Stochastic resonant behaviours and steady state control in harmonic systems

Adrian Rubio Universidad de Santiago de Chile

Brownian motion and parametric resonance are two paradigmatic phenomena particularly taking place on harmonic dynamical systems, covering a plethora of branches in science. While the former gives a pathway to include dissipation and noise (additive noise) in a system, the latter stands for a physical mechanism that supplies energy to a system by exploiting the resonant variation of the characteristic frequency.

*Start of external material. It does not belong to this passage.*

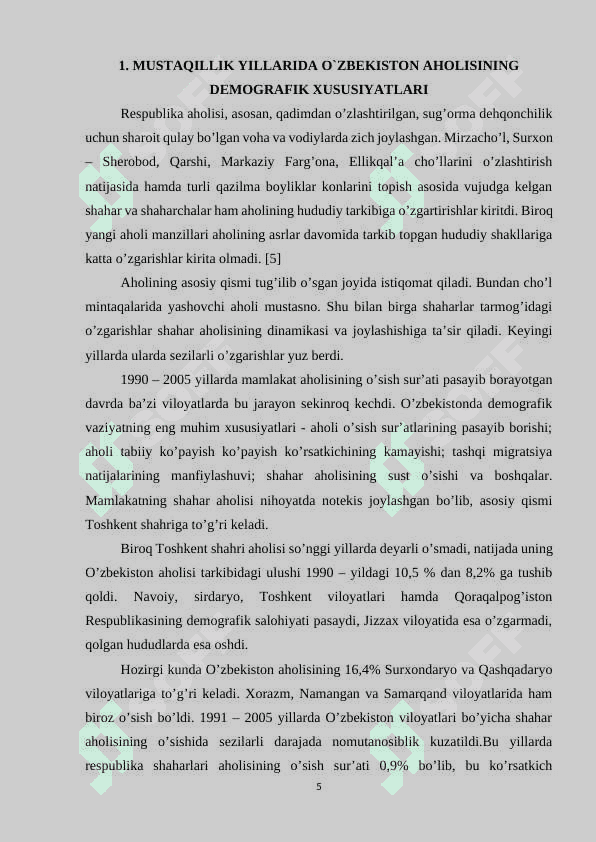 “Mustaqillik davrida O`zbekiston demografik vaziyatidagi o`zgartirishlar” 5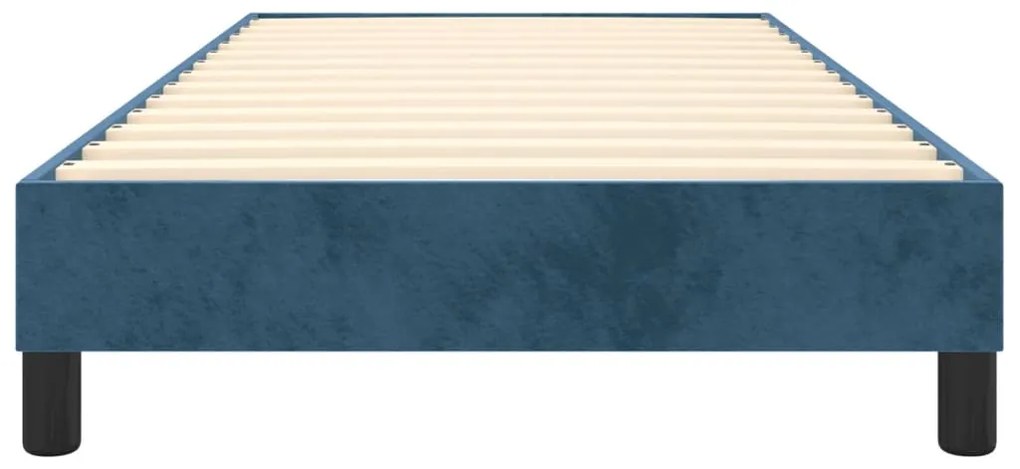 Estrutura de cama sem colchão 90x190 cm veludo azul-escuro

Both aspects find their syncretism in the so-called stochastic resonance, where the competition between dissipation and the strength of the fluctuations in the characteristic frequency of the system (multiplicative noise) defines whether the system undergoes exponential growth (as in parametric resonance) or stabilises in a steady state in the long-time limit[1]. Typically, the impact of this competition is neglected due to relatively high dissipation rates that overcome resonant effects. However, the development of harmonic systems with increasingly quality factors makes this competition to come into play, raising as a potential limiting factor but also as a possibility for a novel control mechanism. In this talk, I will introduce the basics of the mentioned dynamical phenomena to quantify its impact on experimental setups, such as optically levitated nanoparticle. Moreover, I will also show how these concepts enter interacting harmonic systems, giving place to enhanced resonant behaviours in the steady state. The latter can be exploited, for instance, for heat transport and thermalisation[2].

[1] B. J. West, K. Lindenberg and V. Seshadri, Physica 102A, pp. 470-488 (1980).

[2] A. E. Rubio Lopez and F. Herrera, Stochastic resonant behaviours and steady state control in harmonic systems, in preparation.